_DATASET ENTRIES_.
*****
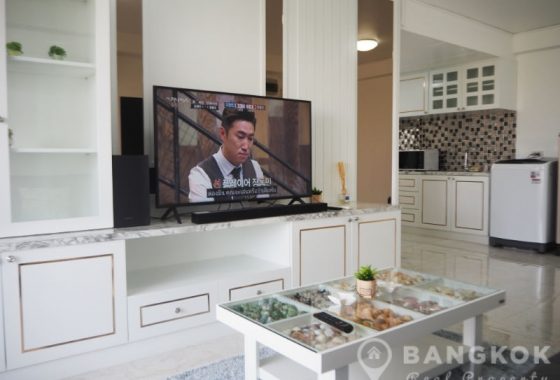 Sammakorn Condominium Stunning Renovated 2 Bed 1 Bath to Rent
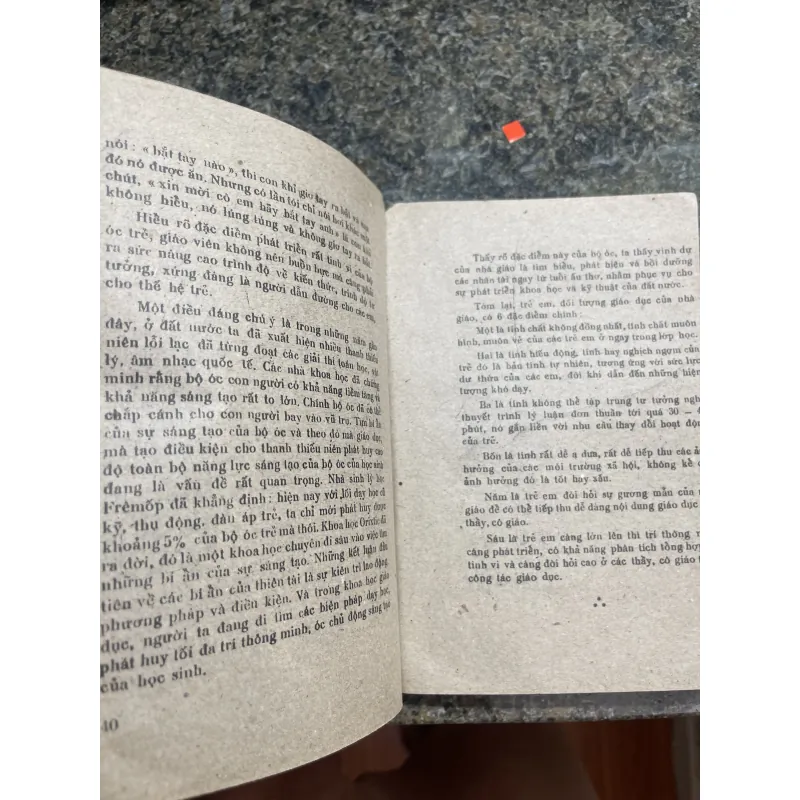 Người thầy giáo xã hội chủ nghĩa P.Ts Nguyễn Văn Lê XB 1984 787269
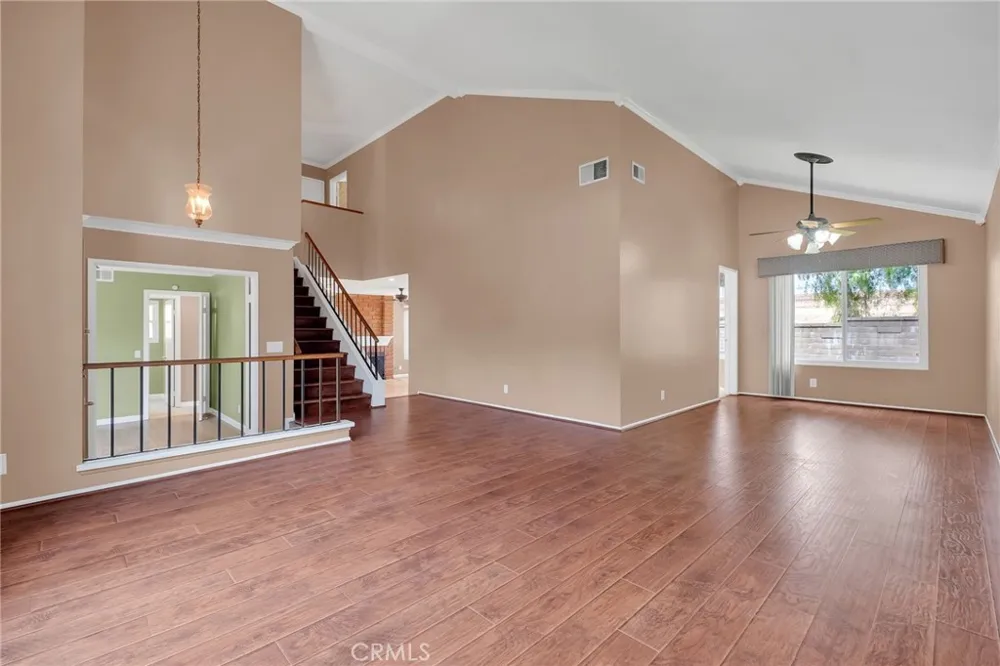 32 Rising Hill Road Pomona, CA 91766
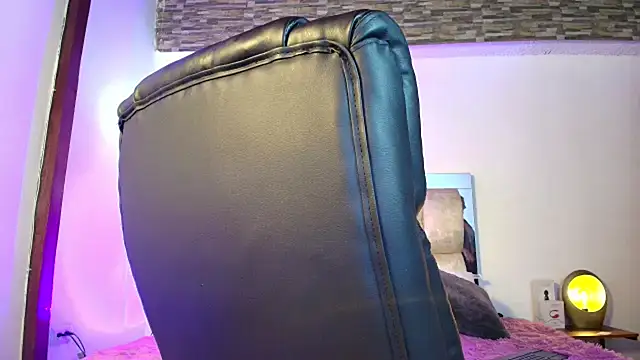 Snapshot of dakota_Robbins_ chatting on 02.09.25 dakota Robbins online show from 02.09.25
*****
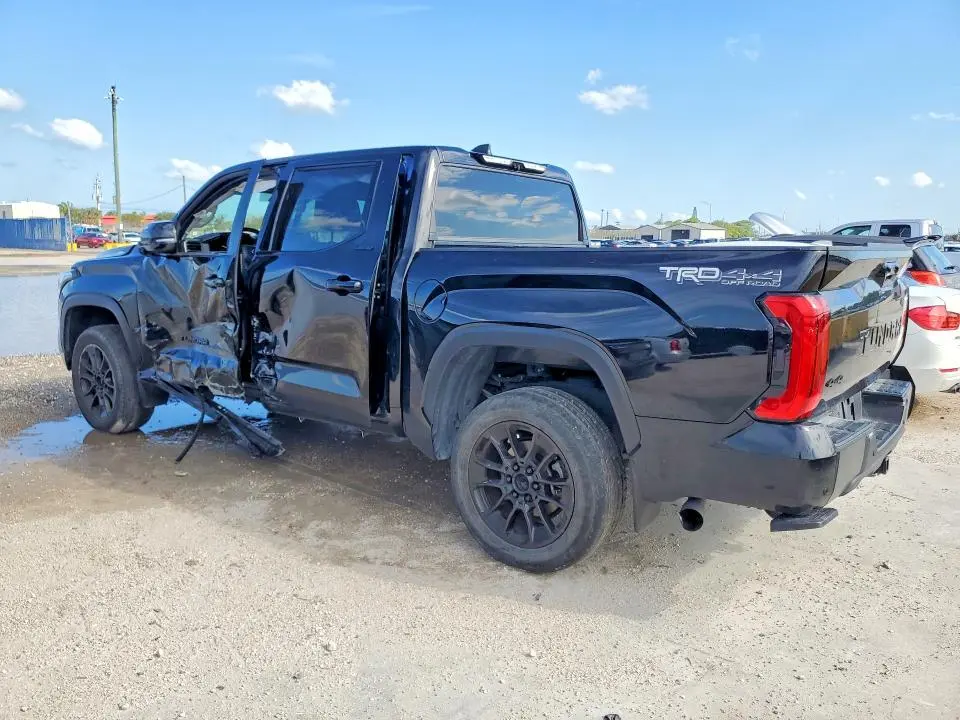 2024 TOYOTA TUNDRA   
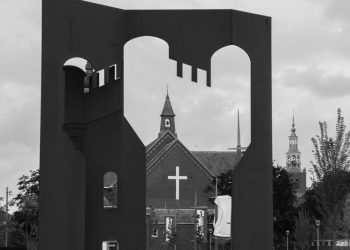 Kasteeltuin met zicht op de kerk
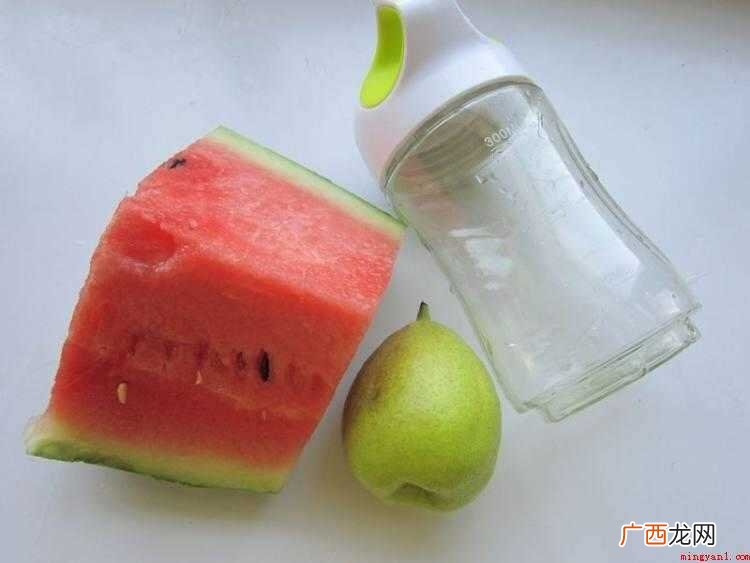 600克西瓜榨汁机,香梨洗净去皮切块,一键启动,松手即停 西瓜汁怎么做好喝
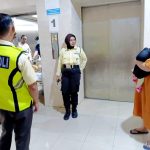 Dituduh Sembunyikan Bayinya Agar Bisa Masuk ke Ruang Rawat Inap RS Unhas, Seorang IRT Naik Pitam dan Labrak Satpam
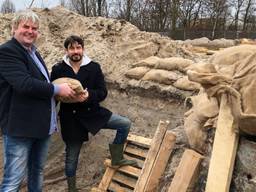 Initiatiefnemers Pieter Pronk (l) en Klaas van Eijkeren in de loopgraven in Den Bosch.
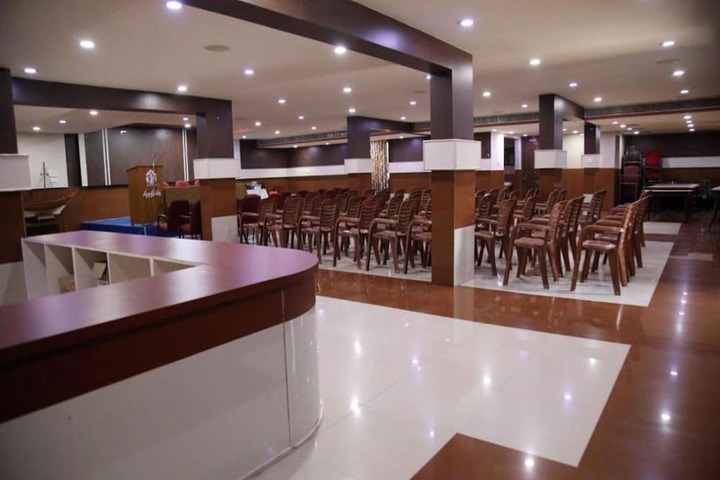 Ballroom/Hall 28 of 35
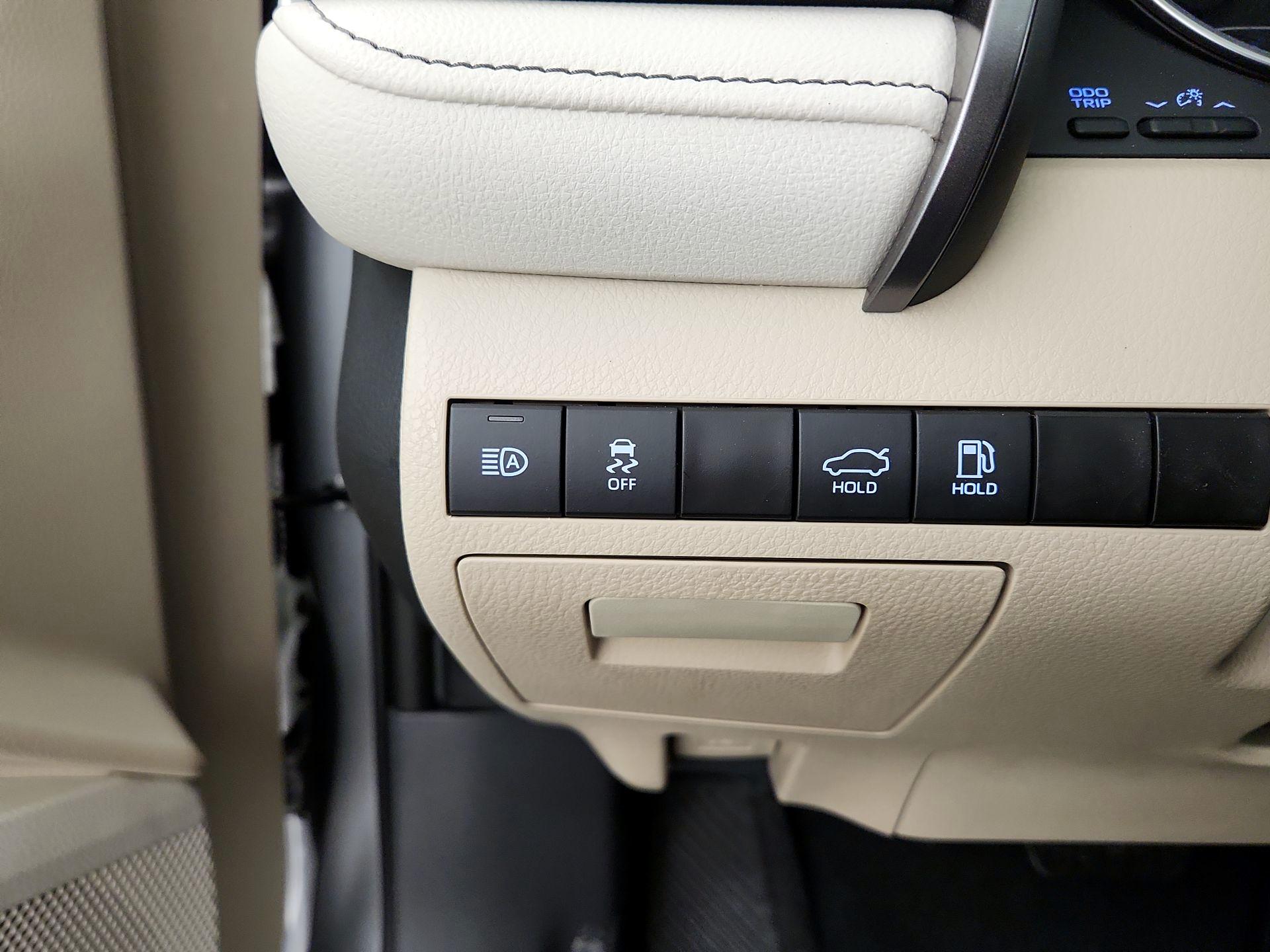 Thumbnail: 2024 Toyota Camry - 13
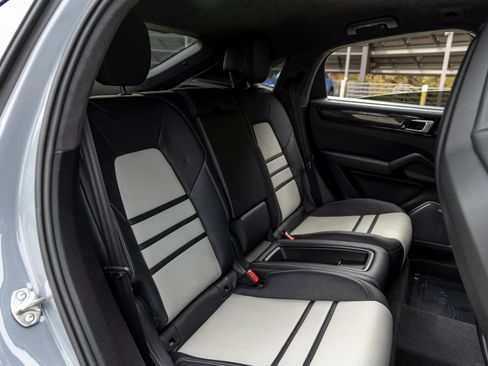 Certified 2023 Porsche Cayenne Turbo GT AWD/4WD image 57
*****
_WORK REQUIRED_.
If a picture sits between the line containing "Sammakorn Condominium Stunning" and the line containing "Snapshot of dakota_Robbins_", leave it out, and return the lines of that range above exactly, both ends included.

_RESPONSE TO THIS TASK_.
 Sammakorn Condominium Stunning Renovated 2 Bed 1 Bath to Rent
 Người thầy giáo xã hội chủ nghĩa P.Ts Nguyễn Văn Lê XB 1984 787269
 32 Rising Hill Road Pomona, CA 91766
 Snapshot of dakota_Robbins_ chatting on 02.09.25 dakota Robbins online show from 02.09.25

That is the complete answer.